> **DATASET RECORDS**
════════════════════

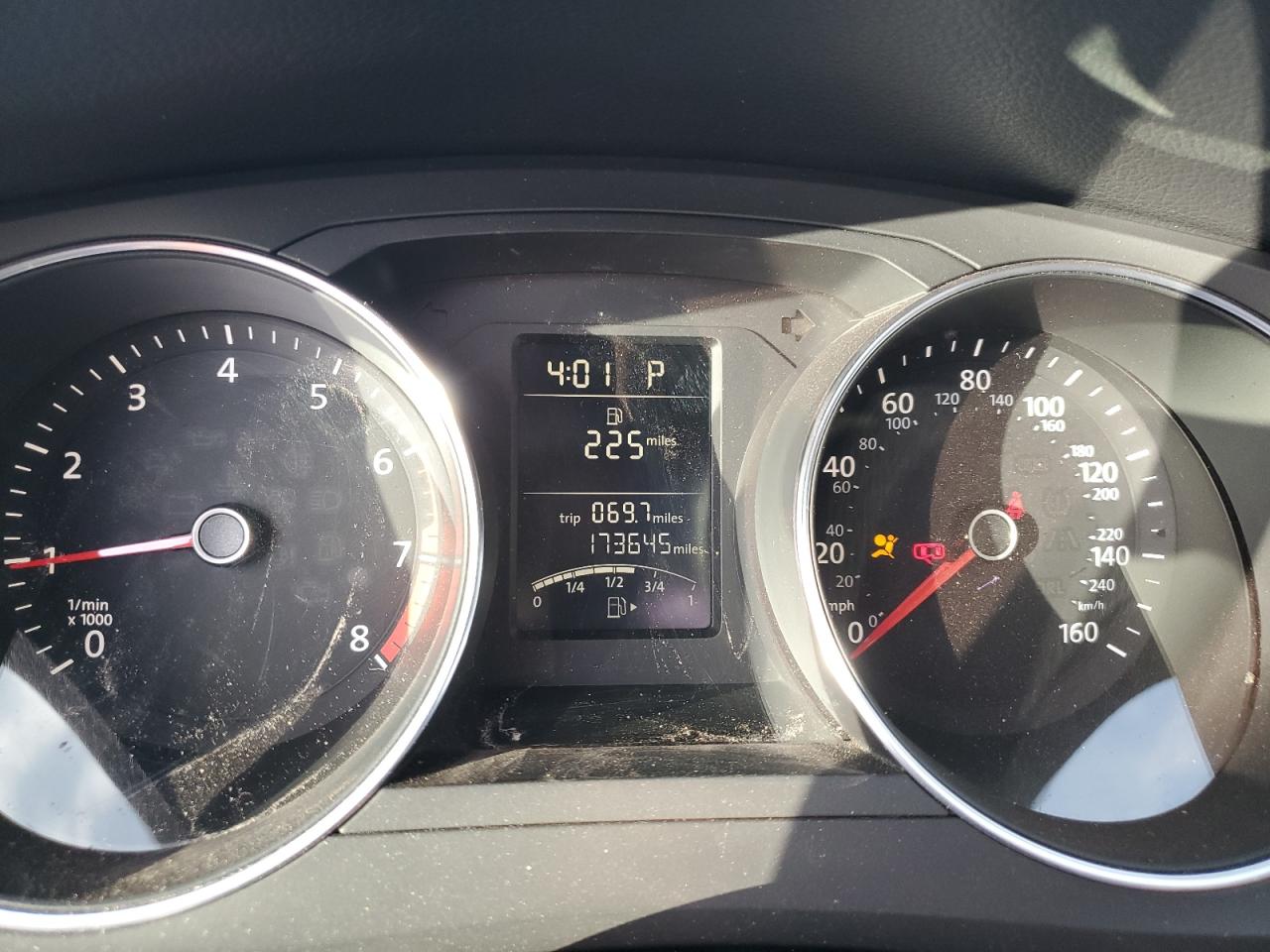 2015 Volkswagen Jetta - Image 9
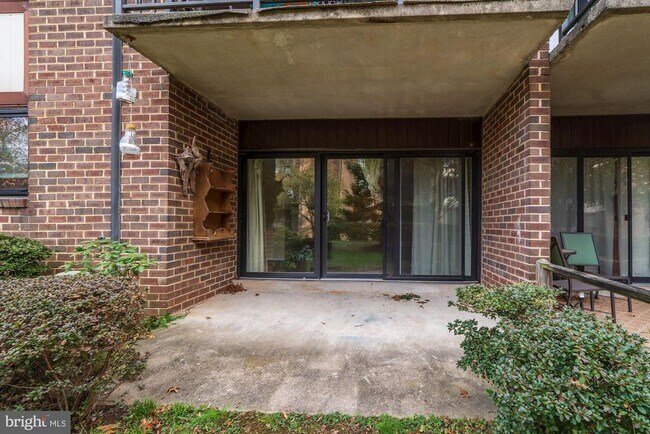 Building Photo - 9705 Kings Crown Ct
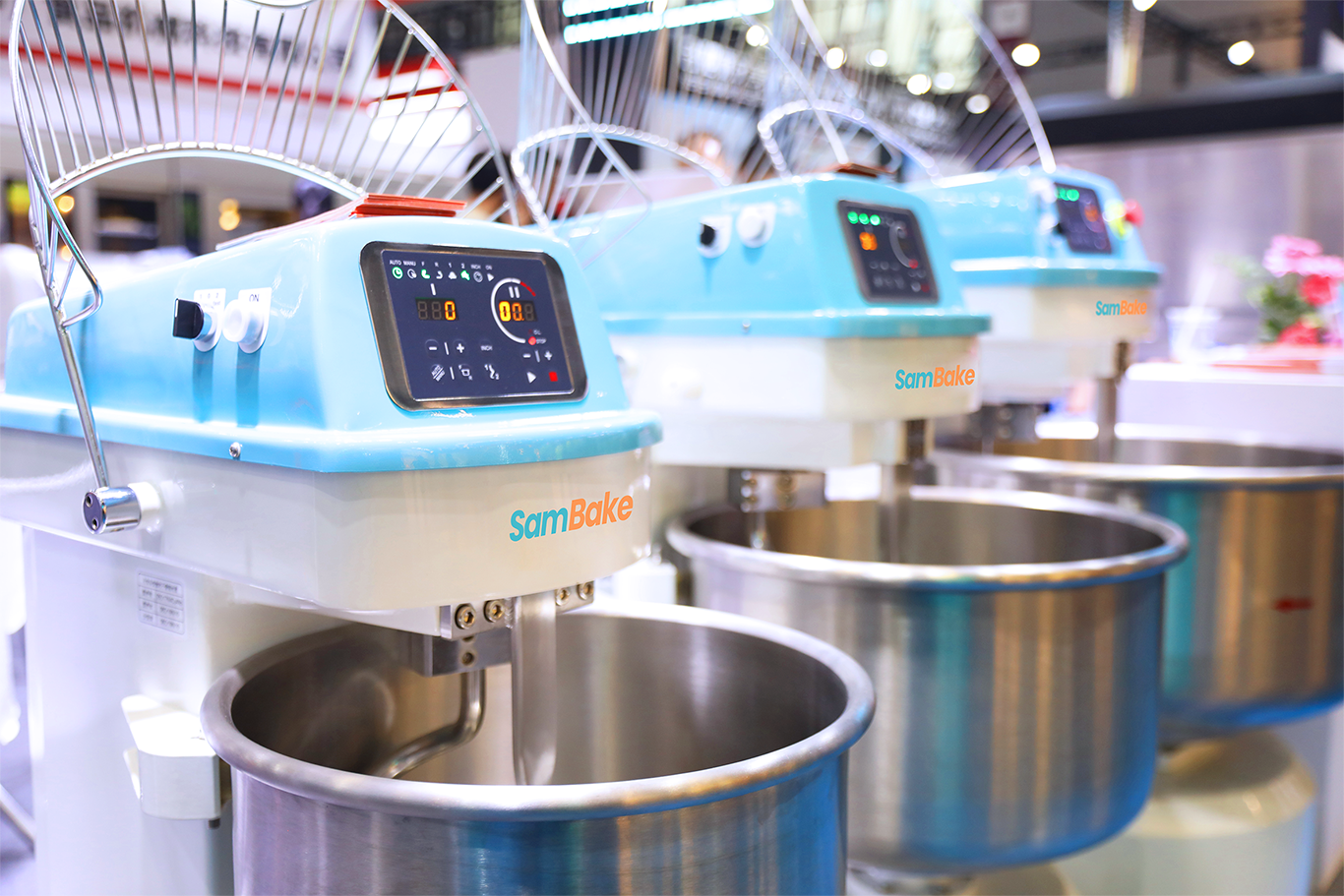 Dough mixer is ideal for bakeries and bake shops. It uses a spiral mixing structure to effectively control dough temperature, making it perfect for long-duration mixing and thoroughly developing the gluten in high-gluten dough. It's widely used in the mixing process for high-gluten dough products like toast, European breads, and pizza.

════════════════════

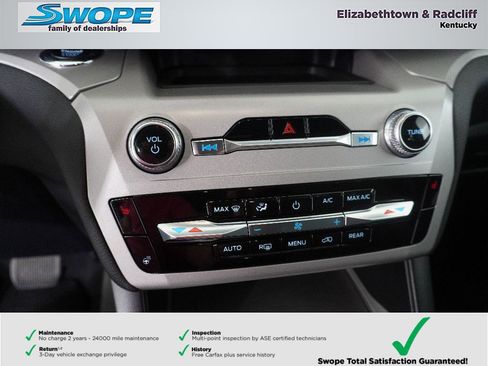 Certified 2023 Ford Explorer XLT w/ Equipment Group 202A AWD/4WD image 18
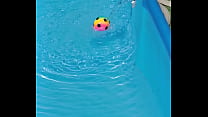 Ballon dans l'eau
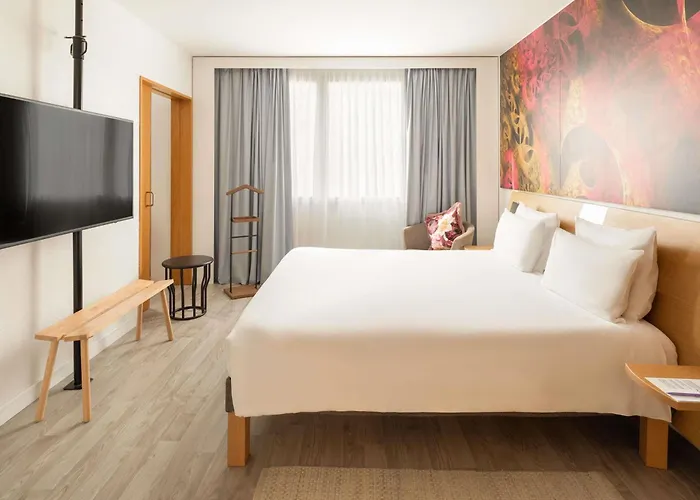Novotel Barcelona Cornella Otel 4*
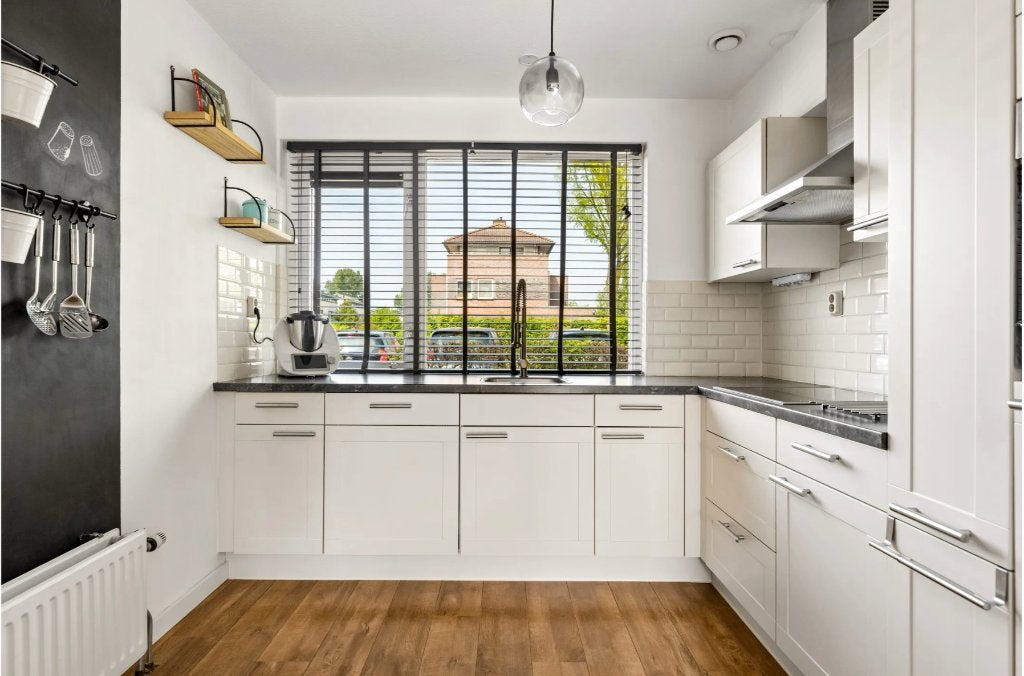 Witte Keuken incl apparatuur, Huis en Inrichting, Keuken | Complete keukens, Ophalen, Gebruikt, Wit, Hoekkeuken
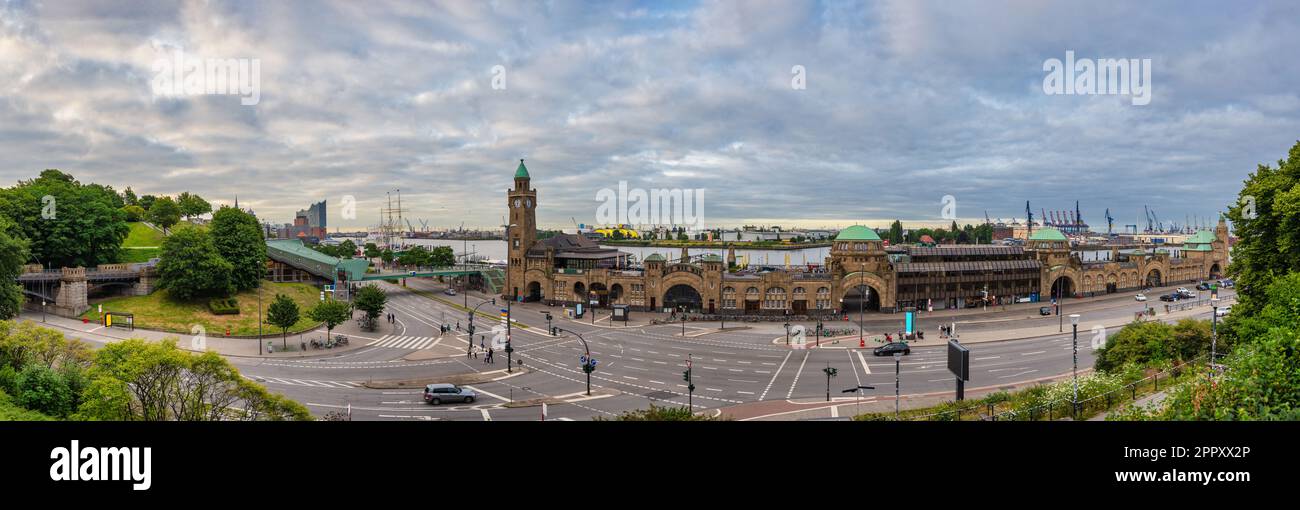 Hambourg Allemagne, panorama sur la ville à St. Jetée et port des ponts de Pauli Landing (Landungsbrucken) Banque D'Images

════════════════════

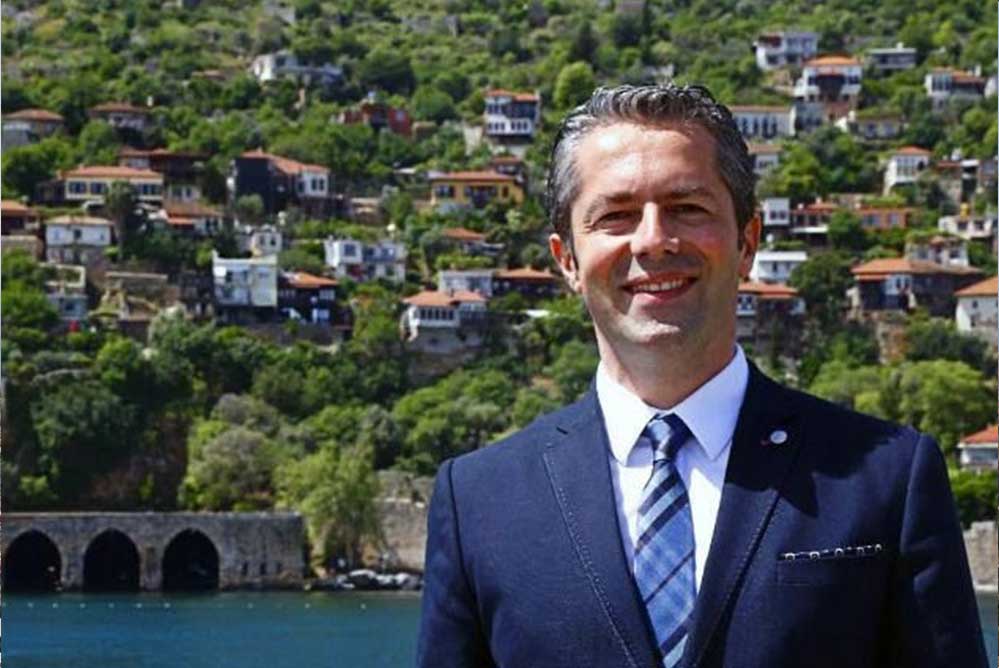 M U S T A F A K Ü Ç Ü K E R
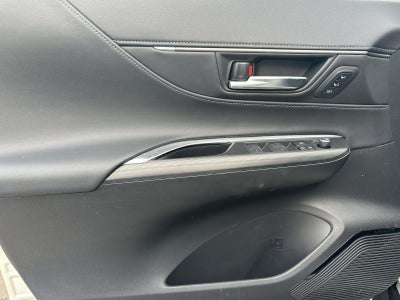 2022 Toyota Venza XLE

════════════════════

> **TASK**
Reproduce the listing above only between the lines holding "2015 Volkswagen Jetta - Image 9" and "Dough mixer is", inclusive. Every line must match exactly, and pictures are dropped.

> **REPLY TO THE TASK**
 2015 Volkswagen Jetta - Image 9
 Building Photo - 9705 Kings Crown Ct
 Dough mixer is ideal for bakeries and bake shops. It uses a spiral mixing structure to effectively control dough temperature, making it perfect for long-duration mixing and thoroughly developing the gluten in high-gluten dough. It's widely used in the mixing process for high-gluten dough products like toast, European breads, and pizza.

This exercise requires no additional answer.